**TASK ITEM**.
In the material below, find the line containing "Meet your Posher, Ellen" and the line containing "Parada la Campionatul". Output those two lines and all lines between them exactly, without pictures.

**EXERCISE INPUTS**.
↓↓↓

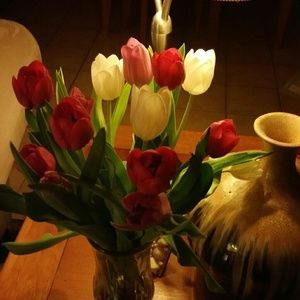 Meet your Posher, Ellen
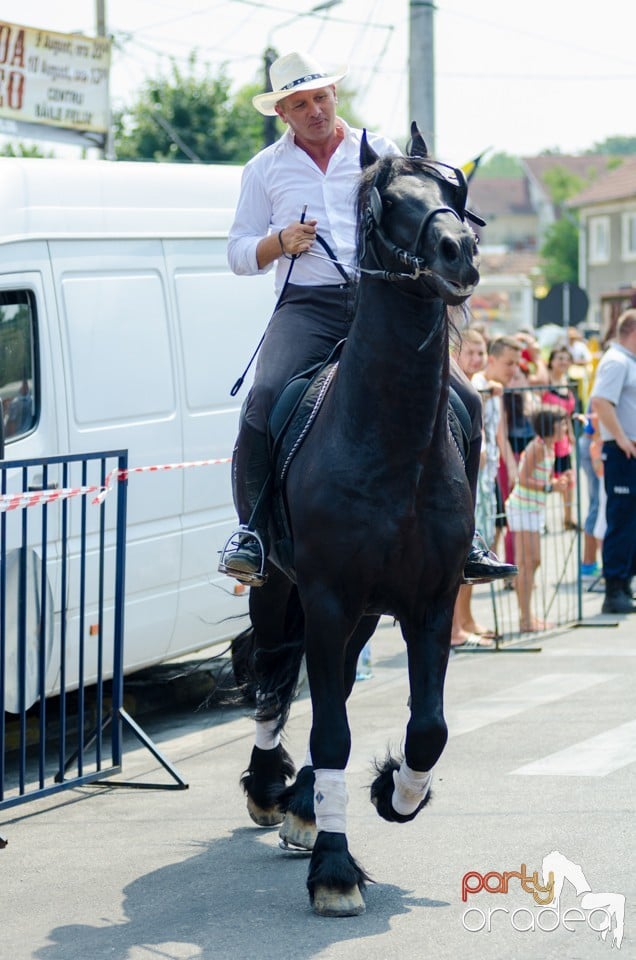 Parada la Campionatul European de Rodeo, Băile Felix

↑↑↑
↓↓↓

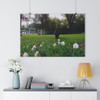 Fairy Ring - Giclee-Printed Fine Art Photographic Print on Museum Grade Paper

↑↑↑
↓↓↓

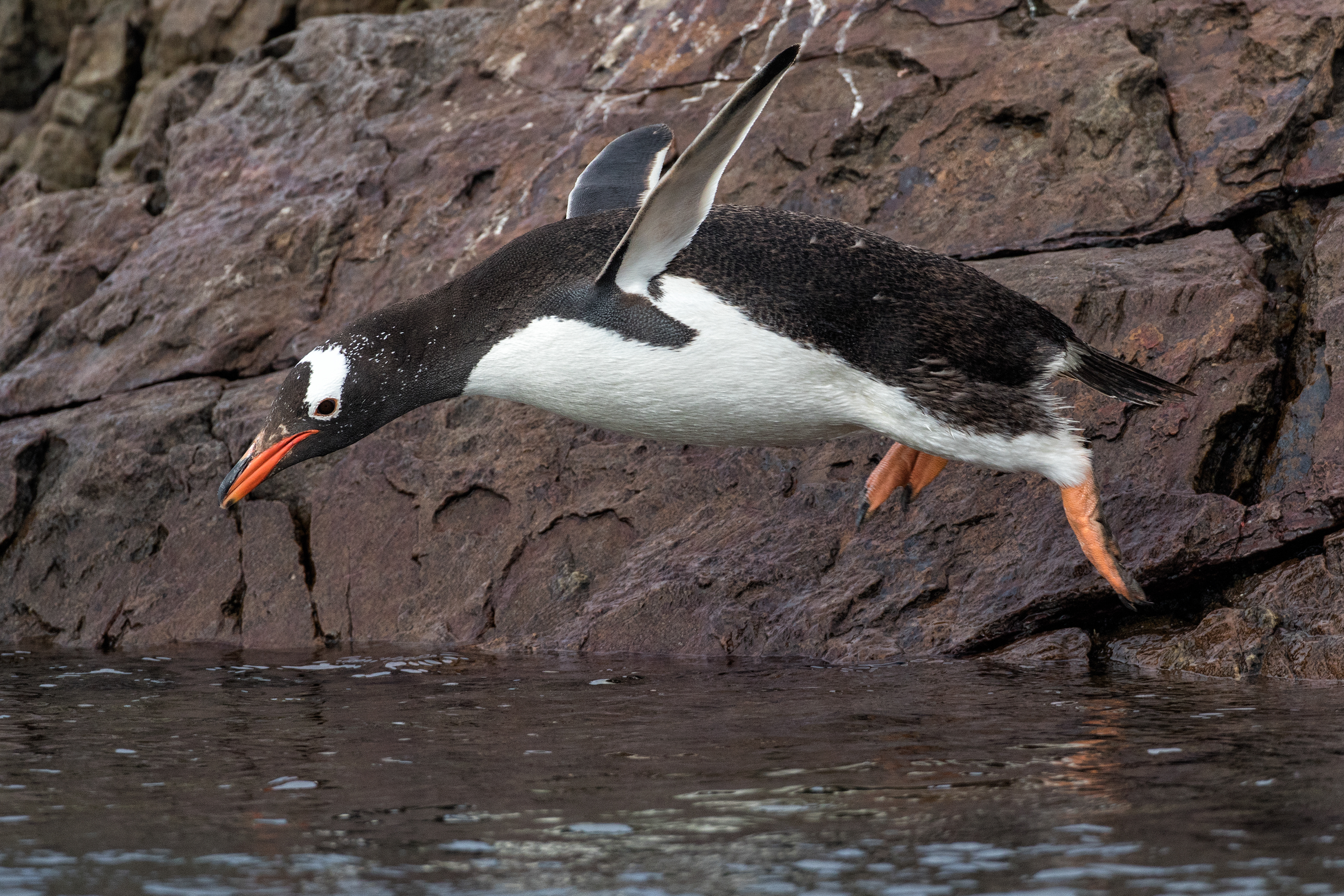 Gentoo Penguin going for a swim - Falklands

↑↑↑

**WRITTEN SOLUTION**.
 Meet your Posher, Ellen
 Parada la Campionatul European de Rodeo, Băile Felix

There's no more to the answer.